____ SOURCE DATA

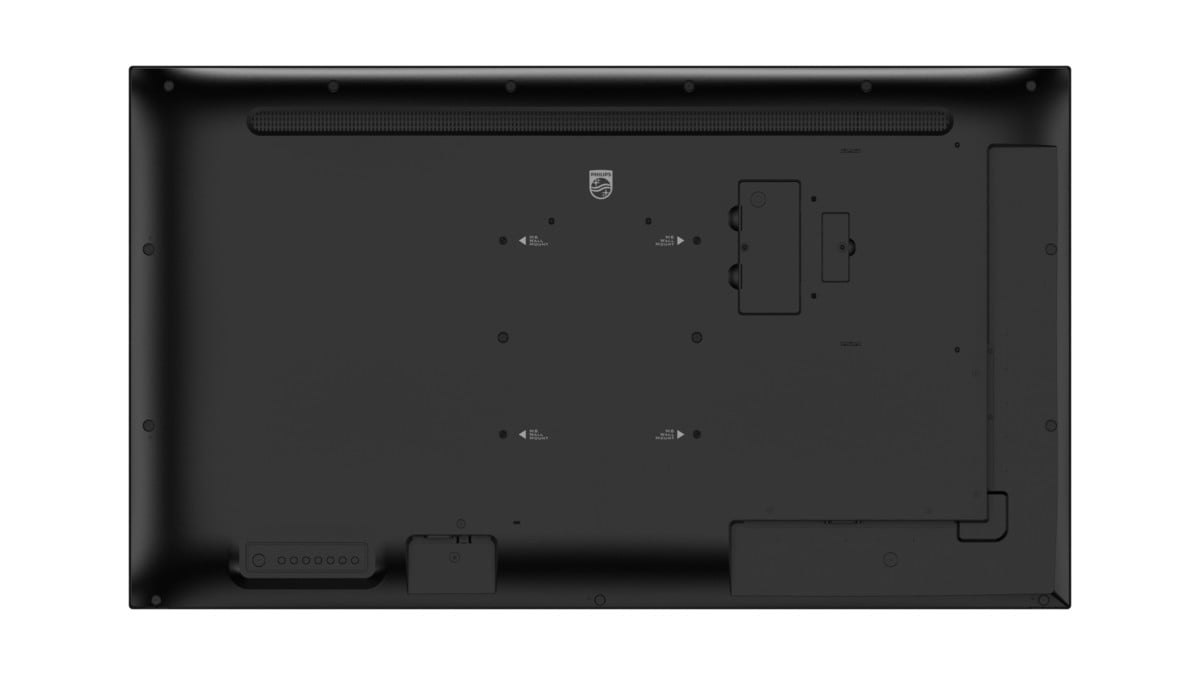 50" D-Line UHD 24/7 landscape & port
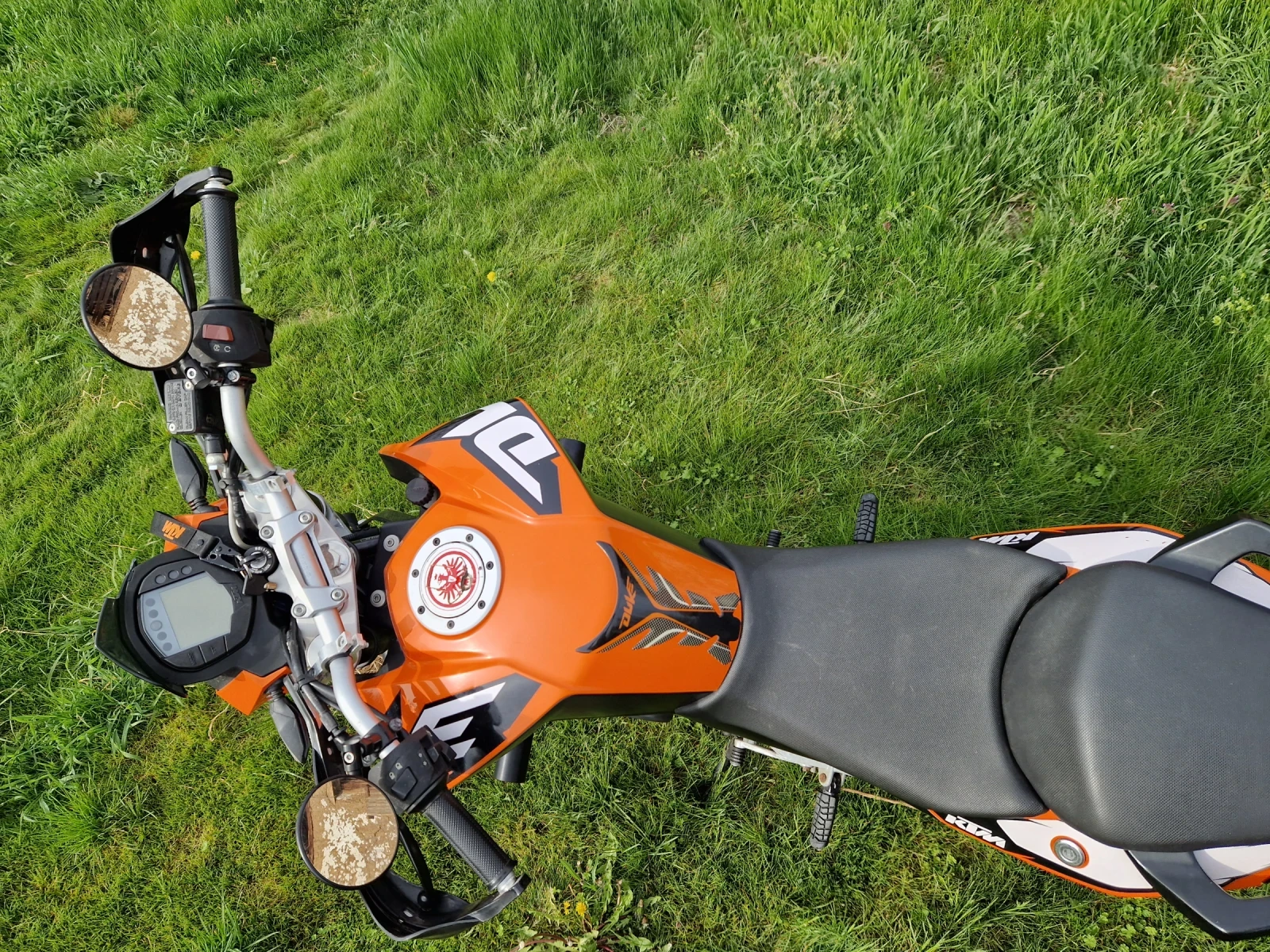 Ktm Duke 200, снимка 5 - Мотоциклети и мототехника - 55636646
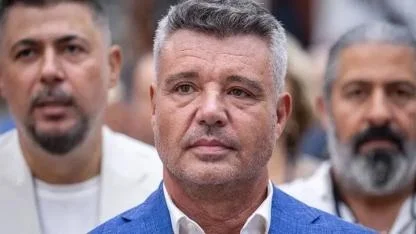 Sadettin Saran yasa dışı bahis reklamı davası kapsamında hakim karşısına çıktı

________

- _PROBLEM TO WORK ON_: An unchanged copy of the listing, with no pictures, should be returned.

- _ANSWER TO THIS TASK_:
 50" D-Line UHD 24/7 landscape & port
 Ktm Duke 200, снимка 5 - Мотоциклети и мототехника - 55636646
 Sadettin Saran yasa dışı bahis reklamı davası kapsamında hakim karşısına çıktı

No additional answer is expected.